In the fall of 2016 a rain garden was constructed at Cedarmere.
In the fall of 2016 a rain garden was constructed at Cedarmere. A rain garden is a planted basin that allows rainwater runoff from impervious areas, like roofs, driveways, walkways, parking lots, and compacted lawn areas, the opportunity to percolate into the soil. As a result of this filtration process, the amount of sediment and pollutants that would be dumped directly into ponds, harbors and bays is greatly reduced as is the amount of soil erosion. Native plants are planted in the rain garden, and once established, they require little maintenance other than periodic weeding.
Our rain garden was constructed thanks to the Nassau County Soil & Water Conservation District, which has worked closely with the Friends of Cedarmere on various projects involving our pond, trees, invasive plants and the gardens at Cedarmere. The rain garden was funded by the National Fish and Wildlife Foundation as part of a grant that also provided rain gardens at Bayville Village Hall and in Centre Island. All three rain gardens were designed by nationally-recognized expert Rusty Schmidt, a Landscape Ecologist from Nelson, Pope & Voorhis. The Friends of Cedarmere, the Nassau County Soil & Water Conservation District, the Hempstead Harbor Protection Committee, and the Cornell Cooperative Extension Master Gardiners Program all provided volunteers to work on the project. In conjunction with this project, public workshops will be held in 2017 in order to assist homeowners in constructing their own rain gardens.
Our rain garden has turned out to be a perfect solution for runoff problems with our south parking lot which had no provision for drainage. In fact the stormwater was running down the pathway to the bridge and into the pond. This created an ongoing problem of washouts and exposed tree roots in the pathway. The runoff was carrying a sediment load, contributing long-term to the silting up of the pond. Unfiltered runoff adds excess amounts of plant nutrients (nitrogen and phosphorous) and pollutants, primarily from the cars, to the pond water. Our pond is fed predominantly by springs, which carry virtually no sediment into the water. The rain garden should help improve the pond’s water quality and we hope will slow the heavy growth of water plants such as duck weed in summer.
To capture the correct amount of stormwater, the garden is about 600 square feet made of two connected, arched, terraced gardens. The shape and the size were made fit well into the hillside, missing the established trees and shrubs. A line of large natural boulders was installed to hold in place the lower berms of the two basins. To get the stormwater to the raingardens, a French drain was constructed along the entire downslope side of the parking lot to drain all of the stormwater from the parking lot into Raingarden #1. The overflow from this garden goes into a stand pipe drain to Raingarden #2 through a pipe under the pathway that leads to the bridge.

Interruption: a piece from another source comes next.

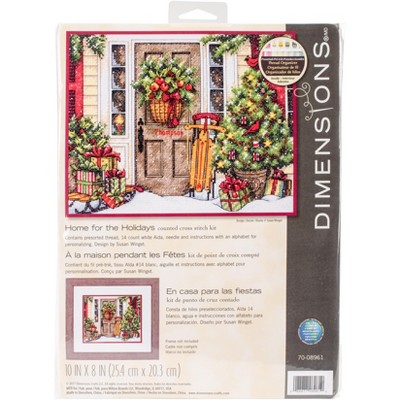 Dimensions Counted Cross Stitch Ornament Kit Set Of 6-christmas Sayings  Ornaments (14 Count) : Target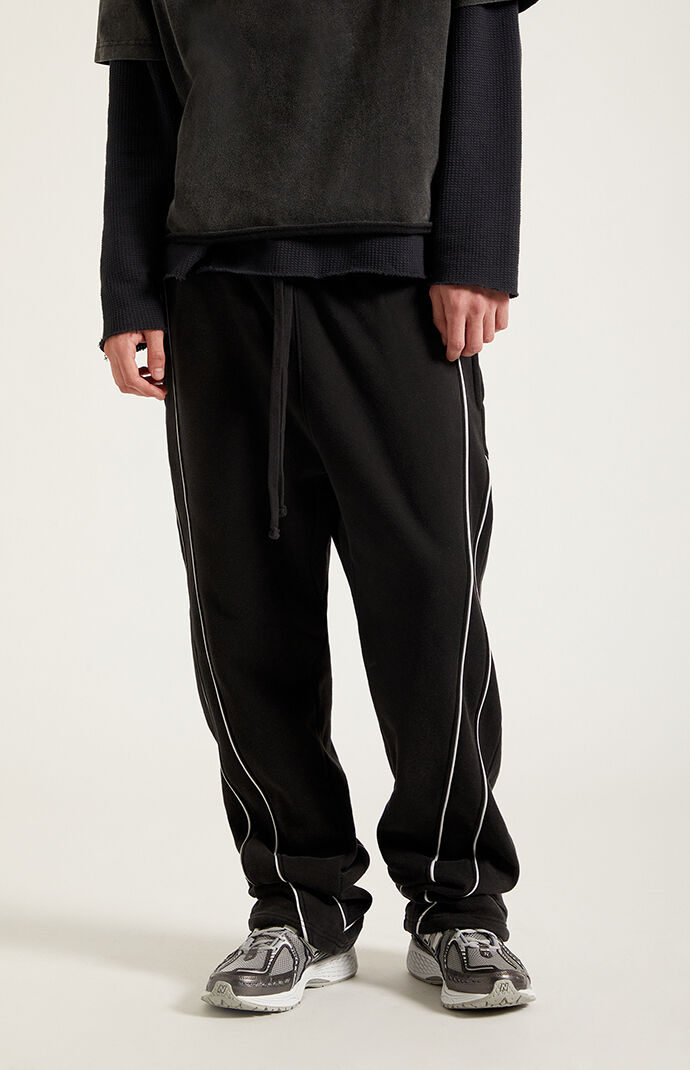 パンツ S ribbon smocking sweat pants black Pacsun Black Piping Track Sweatpants | Pacsun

Plants selected for the basins were native damp-woodland species. Woody plants included mountain laurel, witch hazel, bayberry, black chokeberry, black elderberry, highbush blueberry, pagoda dogwood, eastern redbud, flowering dogwood, inkberry, winterberry, and sweetspire. Herbaceous plants were cinnamon fern, Christmas fern, meadowsweet, Solomon’s seal, hardy geranium, white turtlehead, black cohosh, march Saint John’s wort, woodland sunflower, blue sedge, mayapple, jack-in –pulpit, wild columbine.
We also used similar plants to create a 360 square foot woodland garden above the pathway to the parking lot, which book-ends the pathway and creates a gateway into the park.
If you wish to visit Cedarmere to see the rain garden, the grounds are open every day of the year from dawn to dusk. Park in our south parking lot that is about 250 yards south of the main house. As you walk from the parking lot onto the grounds, turn left immediately to follow the pathway that leads down to the stone bridge. The rain garden is on both sides of the path as soon as you start going down the pathway.